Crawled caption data
- - - - -

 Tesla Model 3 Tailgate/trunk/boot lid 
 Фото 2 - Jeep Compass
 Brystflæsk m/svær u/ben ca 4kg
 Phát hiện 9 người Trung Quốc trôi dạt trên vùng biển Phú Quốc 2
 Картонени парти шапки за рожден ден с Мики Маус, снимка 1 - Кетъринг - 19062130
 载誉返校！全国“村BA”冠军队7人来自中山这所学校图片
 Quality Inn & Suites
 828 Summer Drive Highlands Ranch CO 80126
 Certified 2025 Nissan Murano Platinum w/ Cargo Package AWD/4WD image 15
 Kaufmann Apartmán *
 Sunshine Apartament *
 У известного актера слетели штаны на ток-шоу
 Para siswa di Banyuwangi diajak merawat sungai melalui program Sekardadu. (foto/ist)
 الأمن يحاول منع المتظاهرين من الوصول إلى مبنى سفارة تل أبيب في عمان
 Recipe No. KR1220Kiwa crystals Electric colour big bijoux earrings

- - - - -

Work item —
When copying the data above, keep every line exactly as written.

Answer to this exercise —
 Tesla Model 3 Tailgate/trunk/boot lid 
 Фото 2 - Jeep Compass
 Brystflæsk m/svær u/ben ca 4kg
 Phát hiện 9 người Trung Quốc trôi dạt trên vùng biển Phú Quốc 2
 Картонени парти шапки за рожден ден с Мики Маус, снимка 1 - Кетъринг - 19062130
 载誉返校！全国“村BA”冠军队7人来自中山这所学校图片
 Quality Inn & Suites
 828 Summer Drive Highlands Ranch CO 80126
 Certified 2025 Nissan Murano Platinum w/ Cargo Package AWD/4WD image 15
 Kaufmann Apartmán *
 Sunshine Apartament *
 У известного актера слетели штаны на ток-шоу
 Para siswa di Banyuwangi diajak merawat sungai melalui program Sekardadu. (foto/ist)
 الأمن يحاول منع المتظاهرين من الوصول إلى مبنى سفارة تل أبيب في عمان
 Recipe No. KR1220Kiwa crystals Electric colour big bijoux earrings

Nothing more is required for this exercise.